● **Aim of the exercise**:
An exact transcription of all the entries below is required.

[[ Records provided, beginning ]]

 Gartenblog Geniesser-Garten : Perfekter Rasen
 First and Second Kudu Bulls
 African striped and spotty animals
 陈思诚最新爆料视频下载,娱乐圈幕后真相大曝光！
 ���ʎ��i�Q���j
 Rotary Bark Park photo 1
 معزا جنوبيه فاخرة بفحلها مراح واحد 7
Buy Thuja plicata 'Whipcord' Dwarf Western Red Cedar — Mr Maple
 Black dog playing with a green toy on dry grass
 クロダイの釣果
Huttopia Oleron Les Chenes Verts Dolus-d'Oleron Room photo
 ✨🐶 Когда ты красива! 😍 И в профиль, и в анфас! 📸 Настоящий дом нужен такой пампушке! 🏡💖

[[ Records provided, end ]]

● **Response to this exercise**:
 Gartenblog Geniesser-Garten : Perfekter Rasen
 First and Second Kudu Bulls
 African striped and spotty animals
 陈思诚最新爆料视频下载,娱乐圈幕后真相大曝光！
 ���ʎ��i�Q���j
 Rotary Bark Park photo 1
 معزا جنوبيه فاخرة بفحلها مراح واحد 7
Buy Thuja plicata 'Whipcord' Dwarf Western Red Cedar — Mr Maple
 Black dog playing with a green toy on dry grass
 クロダイの釣果
Huttopia Oleron Les Chenes Verts Dolus-d'Oleron Room photo
 ✨🐶 Когда ты красива! 😍 И в профиль, и в анфас! 📸 Настоящий дом нужен такой пампушке! 🏡💖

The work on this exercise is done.